Il diritto e dovere dei genitori di educare e istruire i figli non è ancora pienamente supportato, nel nostro Paese: se decliniamo, infatti, tale diritto-dovere in diritti individuali (diritto di informazione, diritto di scelta) e in diritti collettivi (diritto di partecipazione) cogliamo immediatamente quanta strada sia ancora da percorrere. La piena attuazione della parità scolastica, condizione per la libertà di scelta dei genitori, sarà, infine, effettiva quando le famiglie non saranno più pesantemente condizionate dal pagamento di una retta per la frequenza.

Persino nella scuola statale si chiedono oggi alle famiglie contributi (“volontari”, ma praticamente necessari) consistenti. Non era proprio questa l’auspicata parità: perché la scuola sia “aperta a tutti” (articolo 34 della Costituzione) è necessario che il nostro Paese scelga, convintamente, di investire di più in tutto il sistema pubblico dell’istruzione, sia esso statale o non statale.

Non ritengo opportuna, né attuabile, l’introduzione di un unico strumento a sostegno delle famiglie, poiché il sistema scolastico presenta molte diversità e le variabili in gioco sono complesse (ordine e grado di scuola; grandezza dell’istituto; redditi e composizione dei nuclei familiari diversificati; contesto territoriale, geografico, sociale della scuola; …).

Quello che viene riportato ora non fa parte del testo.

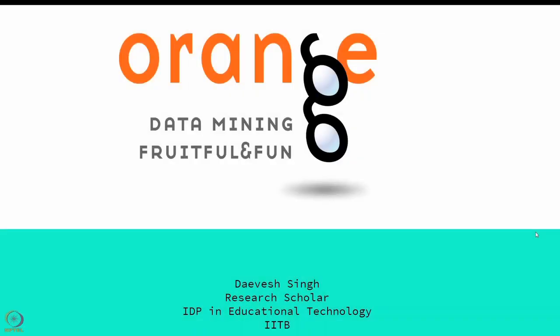Hello everyone, I am Devesh, a PhD research scholar at the educational department of IIT Bombay.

Probabilmente il forte coinvolgimento degli enti locali potrebbe assicurare la realizzazione di reti di scuole paritarie di qualità, attraverso un sistema di convenzioni (esperienza già sperimentata nelle scuole dell’infanzia): le convenzioni potrebbero assicurare uno standard base di requisiti e sostenere processi di miglioramento continuo.

La detraibilità è certamente un aiuto, non risolutivo, poiché interessa solo alcune specificità di contribuenti, e non è un sostegno alle fasce più deboli del Paese, comunque impossibilitate ad accedere alle scuole paritarie.

La strada del diritto allo studio è percorribile accanto alle altre, poiché è comunque un intervento secondario, che aggira il pregiudizio ideologico, ma colloca l’investimento sulla scuola nella sfera del sostegno all’individuo, non come un interesse dell’intera comunità.

Se la tensione ideologica sul tema della parità fosse lasciata da parte, l’individuazione di un sistema misto di strumenti sarebbe senza dubbio più facile.

D: L’ipotesi più radicale è che a tutti i genitori venga dato un buono studio, corrispondente a un costo standard calcolato a livello nazionale, spendibile indifferentemente nelle scuole statali e in quelle paritarie. Che cosa ne pensa?

R: L’assegnazione di “buoni” o “dote” direttamente alle famiglie è uno strumento diffuso, che richiede però criteri di equità e la realizzazione di condizioni di effettiva “spendibilità” di tali buoni. Il “buono” è valorizzabile se integrato con altri strumenti. Inoltre, il buono si colloca, come già detto, nella prospettiva di una individualizzazione del sistema. La scuola non è, a nostro parere, un servizio a domanda individuale.

    D: Nelle ultime settimane si è parlato spesso della costituzione di albi regionali degli insegnanti abilitati, dai quali le istituzioni scolastiche autonome, statali e paritarie, possano attingere direttamente, scegliendo, senza rigidi vincoli, i docenti migliori. Rispetto all’obiettivo di qualificare l’offerta formativa delle scuole, quali elementi positivi o negativi ritiene che abbia la proposta?

R: Il completamento del processo di autonomia delle istituzioni scolastiche potrebbe giungere anche a questo risultato, confermando, dunque, che L 59/1997 e L 62/2000 sono una collegata all’altra. Ai genitori stanno particolarmente a cuore due questioni:

  • condizioni di lavoro dei docenti che promuovano e stimolino la massima continuità (il problema non è la provenienza dei docenti o la loro residenza, ma sono i fenomeni di assenteismo)
  • la qualità dell’insegnamento, tema complesso che unisce la formazione iniziale, il reclutamento, la selezione, la formazione continua, la valutazione del sistema e dei docenti stessi.

Evidentemente, secondo quanto detto sopra, non poniamo distinzioni fra scuole statali e paritarie anche per quanto riguarda l’impegno per la qualità.